*Your assignment*
Reproduce every record below exactly as written, leaving out any pictures.

*Available data*
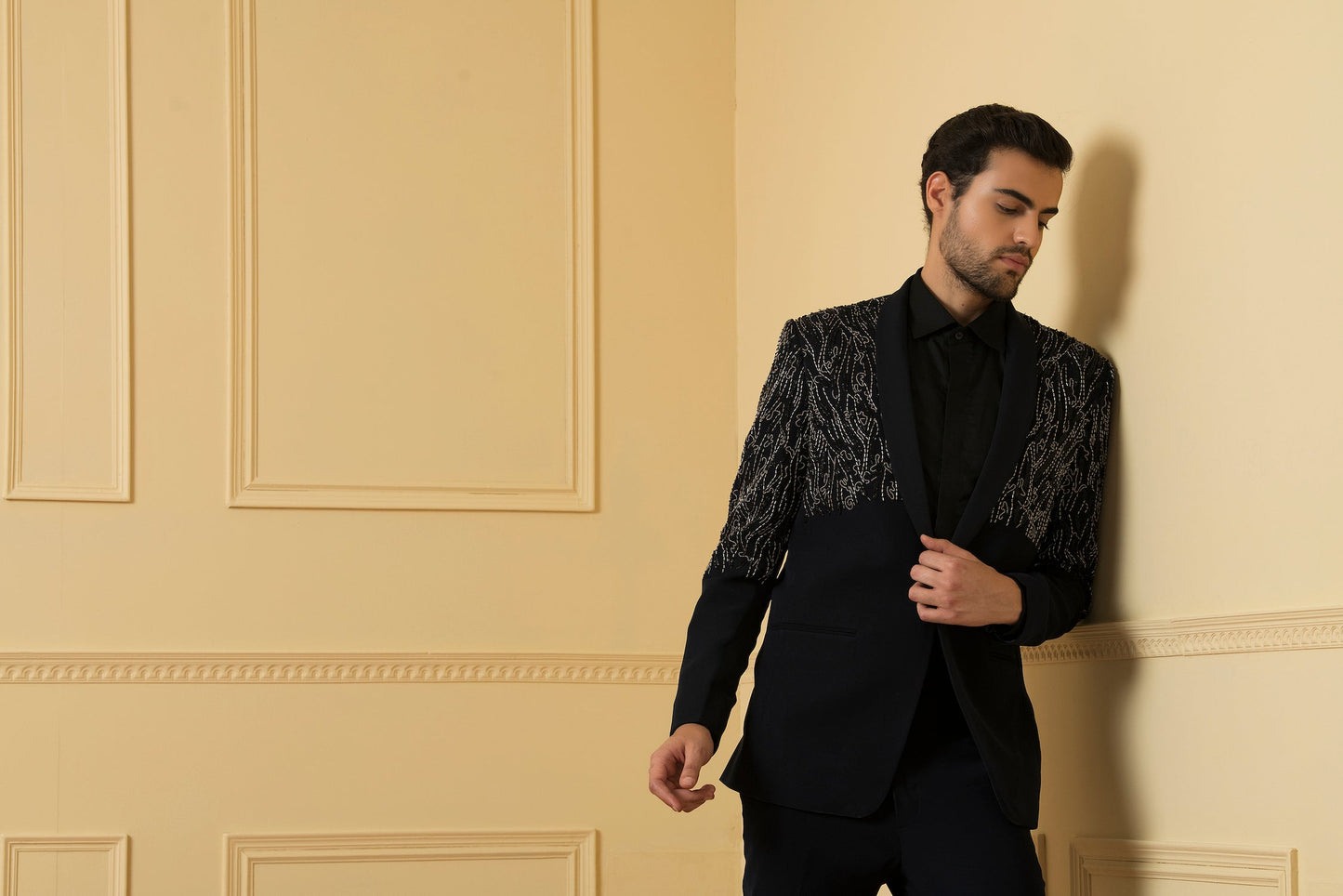 Brillante Designer Men's Blazer by Hilo Design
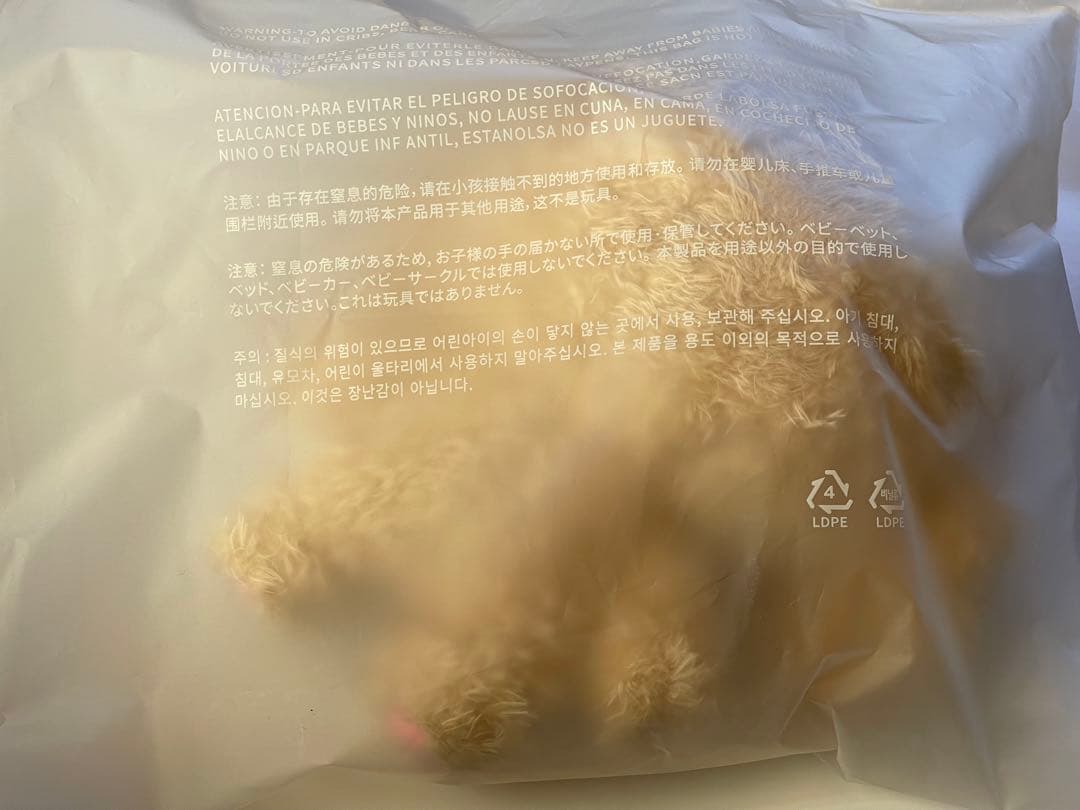 SEVENTEEN miniteen DK ドギョム　ぬいぐるみ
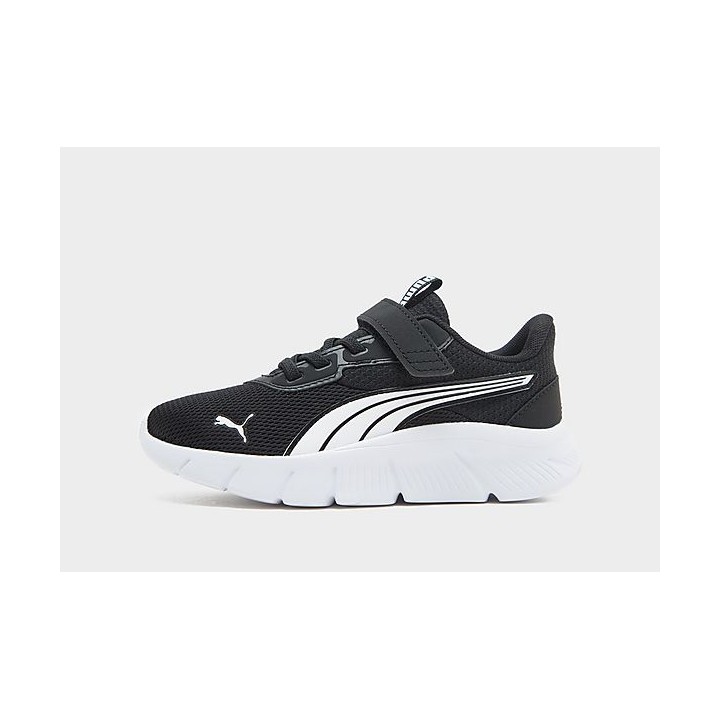 PUMA FlexFocus Children - Black, Black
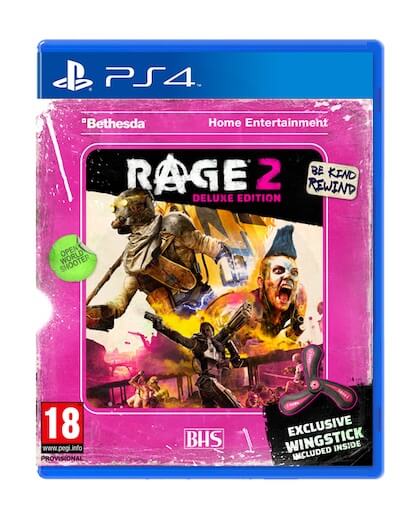 Rage 2 Deluxe Wingstick Edition (PS4)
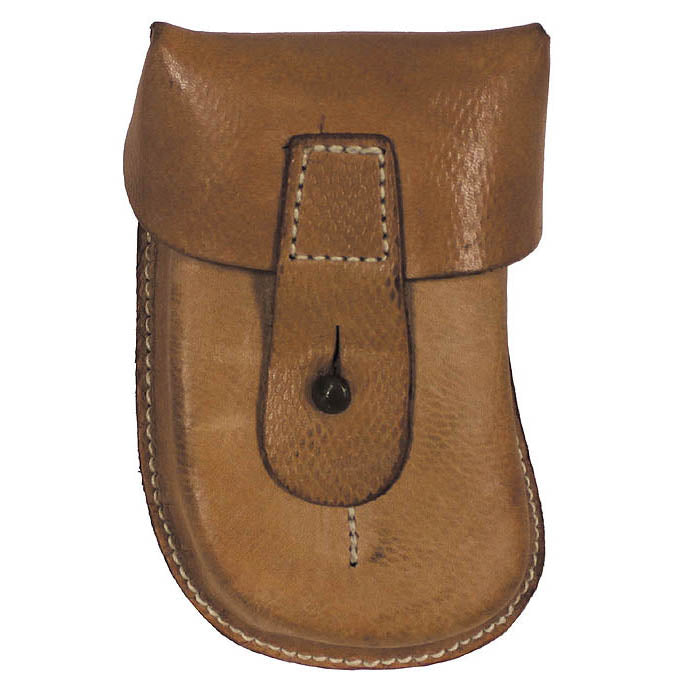 Funda de cuero AČR para dos cargadores SA Vz.61 Škorpion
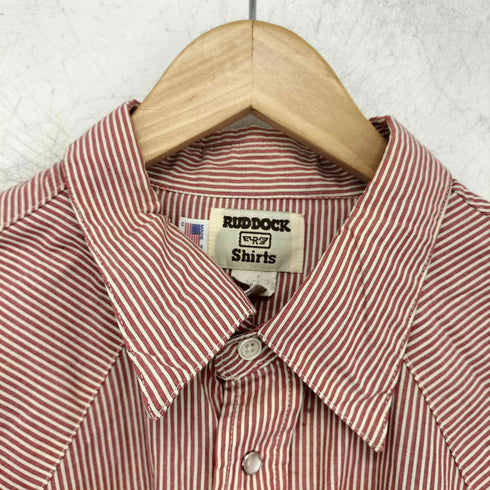ruddock USA製 ウエスタンシャツ メンズ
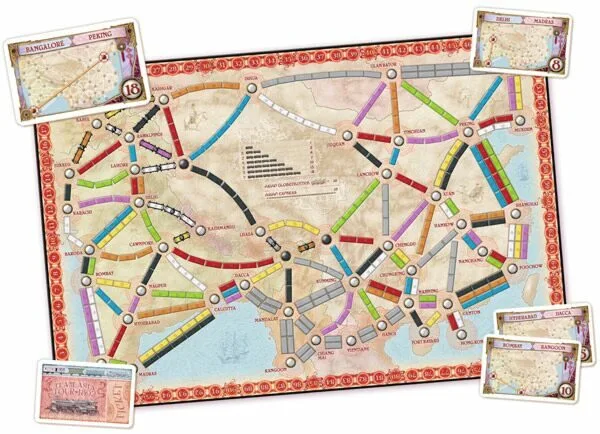 Ticket to Ride - Asia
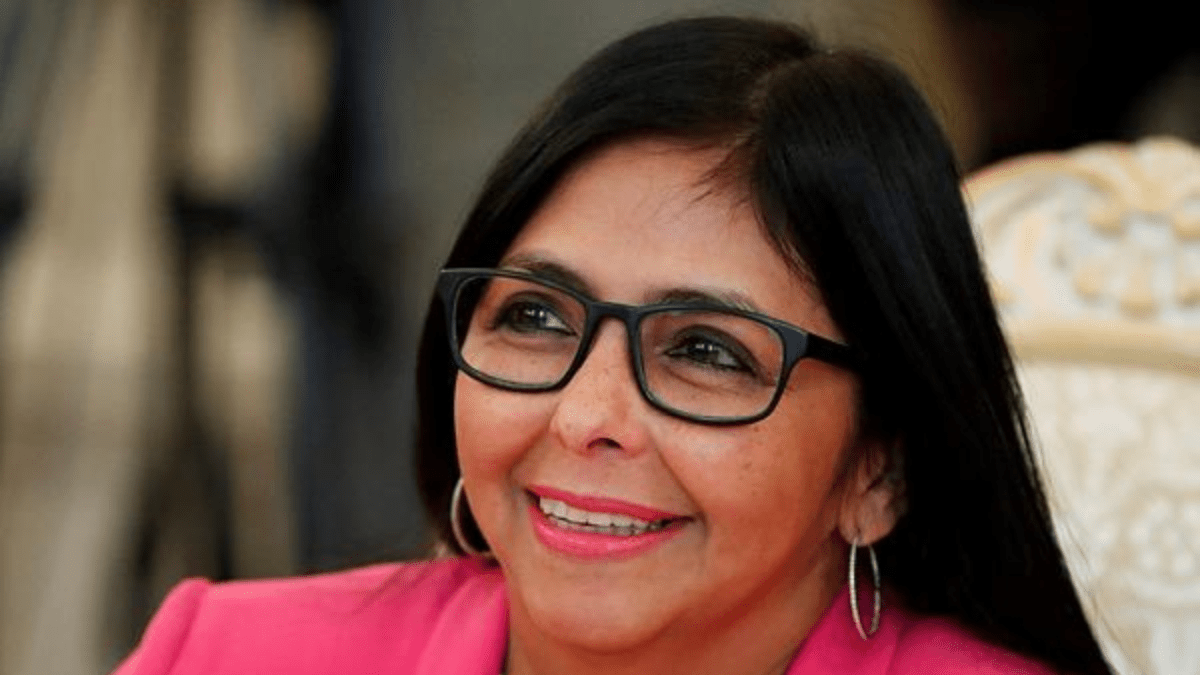Delcy Rodríguez, 56, has been appointed acting president as Venezuela faces a political crisis after the capture of President Nicolás Maduro and his wife, Cilia Flores. Delcy Rodríguez, 56, has been appointed acting president as Venezuela faces a political crisis after the capture of President Nicolás Maduro and his wife, Cilia Flores.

*Exercise result*
 Brillante Designer Men's Blazer by Hilo Design
 SEVENTEEN miniteen DK ドギョム　ぬいぐるみ
 PUMA FlexFocus Children - Black, Black
 Rage 2 Deluxe Wingstick Edition (PS4)
 Funda de cuero AČR para dos cargadores SA Vz.61 Škorpion
ruddock USA製 ウエスタンシャツ メンズ
 Ticket to Ride - Asia
Delcy Rodríguez, 56, has been appointed acting president as Venezuela faces a political crisis after the capture of President Nicolás Maduro and his wife, Cilia Flores. Delcy Rodríguez, 56, has been appointed acting president as Venezuela faces a political crisis after the capture of President Nicolás Maduro and his wife, Cilia Flores.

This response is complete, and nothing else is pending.